花屋の娘2
花屋の娘とジンの三人で、丸いテーブルの席に着く。
相変わらず花屋の娘はジンに夢中で、ジンはそんな花屋の娘に少し困っているようだった。
しかし、私は彼を助けることはできない。
話の中に入っていく勇気も、気も起きないのだ。
私は逃げるように、壁一面に飾られた花々を眺めることにした。
プラントに植えられているパンジーに似た、よく見かける紫の花。
対して、見たことがない緑色の花弁を持つ花。
これは葉の方が赤い色をしていて、それはそれでとても美しかった。
色とりどりの花々に囲まれたこの場所に感動を覚えながら、同時に孤独を感じずにいられなかった。
だって、この場所はまるで、この世界と私のことを象徴しているようだ。
この様々な色彩の中に馴染めない私。
私は、なんでここにいるんだろう。
「ねえ、あなた、名前はなんていうの?」
突然の言葉に驚いて振り向けば、花屋の娘が私に笑いかけていた。
何も読めないその表情に、私は当惑しながらも答えようと口を開く。
百合子です。
「っ・・・ラピスです」
喉元までせり上がってきた言葉を、咄嗟に押さえ込んだ。
私は百合子だ。
この異彩を放つ世界に馴染めない、極度の恥ずかしがり屋の日本人。
だけど、今の私はラピスなのだ。
それを一瞬とはいえ忘れかけていた自分に辟易として、同時に冷や汗が出た。
なんとか動揺を隠そうと笑みを浮かべてみるが、変に歪んでいないだろうかと不安になる。
彼女はふ~んと意味深に頷くと、途端にその赤い瞳をらんらんと輝かせ、私に尋ねてきた。
「ラピスは、ジンと幼馴染なんでしょ?だったらジンの幼い頃の話してよ!ジンったら私が気になってるって言っても何も答えてくれないのよ」
もう!と頬を膨らまして、ジンを上目に睨みつける。
その姿は私よりずっと『幼馴染』らしくて、そんな二人をぼんやりと見つめ、やはり拭いきれない疎外感を強く感じながら、私は何を話そうかと悩んだ。
ジンが恥ずかしそうに、「やめろよ、ダリア」と可愛く拗ねる彼女を諌めた。
その声を頭の片隅で聞き、ああ、ダリアと言うんだと、ここで初めて花屋の娘の名前を知った。

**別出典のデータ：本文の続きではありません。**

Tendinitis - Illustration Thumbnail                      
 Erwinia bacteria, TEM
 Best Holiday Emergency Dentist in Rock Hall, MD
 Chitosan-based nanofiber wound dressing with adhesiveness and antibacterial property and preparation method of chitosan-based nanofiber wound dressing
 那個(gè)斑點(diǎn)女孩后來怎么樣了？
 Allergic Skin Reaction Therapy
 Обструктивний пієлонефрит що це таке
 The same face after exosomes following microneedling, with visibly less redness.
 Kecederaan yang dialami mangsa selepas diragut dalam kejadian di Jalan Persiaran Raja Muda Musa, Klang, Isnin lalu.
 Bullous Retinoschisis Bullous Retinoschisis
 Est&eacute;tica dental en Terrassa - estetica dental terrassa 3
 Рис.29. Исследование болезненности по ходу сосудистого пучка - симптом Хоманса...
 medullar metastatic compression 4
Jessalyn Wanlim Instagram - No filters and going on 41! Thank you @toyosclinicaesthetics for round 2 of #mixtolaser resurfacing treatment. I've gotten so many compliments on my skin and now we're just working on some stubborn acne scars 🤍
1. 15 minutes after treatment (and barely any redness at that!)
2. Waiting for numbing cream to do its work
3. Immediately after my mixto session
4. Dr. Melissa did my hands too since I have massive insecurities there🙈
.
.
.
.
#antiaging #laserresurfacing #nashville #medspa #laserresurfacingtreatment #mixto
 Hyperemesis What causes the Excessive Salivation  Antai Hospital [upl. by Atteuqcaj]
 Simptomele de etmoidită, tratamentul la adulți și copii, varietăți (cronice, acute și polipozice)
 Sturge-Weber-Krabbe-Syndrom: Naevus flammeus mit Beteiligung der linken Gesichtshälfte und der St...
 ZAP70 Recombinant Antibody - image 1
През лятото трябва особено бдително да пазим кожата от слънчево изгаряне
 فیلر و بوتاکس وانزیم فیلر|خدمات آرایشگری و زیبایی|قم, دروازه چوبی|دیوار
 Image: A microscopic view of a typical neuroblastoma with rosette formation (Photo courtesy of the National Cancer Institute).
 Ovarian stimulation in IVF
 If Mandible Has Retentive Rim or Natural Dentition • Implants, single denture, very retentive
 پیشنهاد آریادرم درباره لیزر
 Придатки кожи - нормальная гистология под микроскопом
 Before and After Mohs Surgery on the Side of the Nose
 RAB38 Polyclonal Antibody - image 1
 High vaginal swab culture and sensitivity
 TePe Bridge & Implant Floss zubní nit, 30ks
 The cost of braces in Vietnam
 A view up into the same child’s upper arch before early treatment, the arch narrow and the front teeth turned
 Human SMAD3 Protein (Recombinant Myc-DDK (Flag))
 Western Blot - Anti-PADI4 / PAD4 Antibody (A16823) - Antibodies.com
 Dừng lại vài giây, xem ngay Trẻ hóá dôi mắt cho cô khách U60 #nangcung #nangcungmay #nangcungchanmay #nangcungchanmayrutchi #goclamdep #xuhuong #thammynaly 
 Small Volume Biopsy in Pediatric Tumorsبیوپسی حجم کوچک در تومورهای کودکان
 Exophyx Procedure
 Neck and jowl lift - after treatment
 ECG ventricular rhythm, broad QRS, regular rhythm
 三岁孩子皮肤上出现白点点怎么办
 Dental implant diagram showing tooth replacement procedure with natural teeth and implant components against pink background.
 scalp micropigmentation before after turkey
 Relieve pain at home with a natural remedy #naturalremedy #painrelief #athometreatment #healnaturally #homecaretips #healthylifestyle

私は困った笑みを浮かべながら、「そうですね」と話を始める。
「幼かった頃は、大人しい子でしたよ。私の方が活発的な子供だったんじゃないかと思うぐらい。ジンは、そんな私たちに付いて回っている感じでしたね」
私の話に、ダリアの赤い目がまん丸と見開かれた。
「へー!いがいー!ジンってば、今と大して変わってないんじゃない?もっと積極的になってもいいのよ?」
そうからかって、ジンに笑いかける。
「でも、物を壊して怒られる時は、私たちの中で一番冷静でしたね。そういうところがかっこよかったなぁって思います」
「・・・あんたの感想なんて、聞いてないけど。そうなの。ジンってその頃からかっこよかったのね」
一気にトーンが下がった声に、しまったと懐かしんでいた気分が一気に覚めた。
紅茶に移していた視線を彼女に向ければ、先程まで好奇心で溢れていた表情は消えて、私を見る冷めた視線。
しまった、と体が萎縮した。
「ごめんなさいね。わがままばかり言って。私、お店の手伝いもあるし、幼馴染同士どうぞ仲良くして。それじゃあ」
彼女はそれだけ言って、席を立つ。
「私も、面白い話ができなくて、ごめんなさい。お仕事、頑張ってね」
気の利いた言葉なんて、これぐらいしか出てこない。
ジンのことよろしくね、なんて言えたら、よかったのだろうか。
ドキドキしている心臓の音を聞きながら見つめれば、彼女は少し意外そうに表情を緩めた。
そして、ニコッと笑い「ありがとね」と言って、仕事に戻っていった。
安堵感から大きく息を吐いた私に、悪いことを何もしていないジンが弁解し始めた。
「ごめんな。前はあんな露骨な言い方しなかったのに。気前がよくて、素直な子だったから、ラピスと仲良くなれると思ったんだが・・・」
ジンは鈍感だ。
あんなに好意を表わしているのに、気づいていないとは。
それとも、女同士だからそういうのに敏感なのだろうか。
または、『この世界だから』気付かないのだろうか。
私は一気に気疲れを感じて、再びため息を付くしかなかった。
ジンがダメな奴に見える・・・。
ダリアは花の名前です。一応紹介。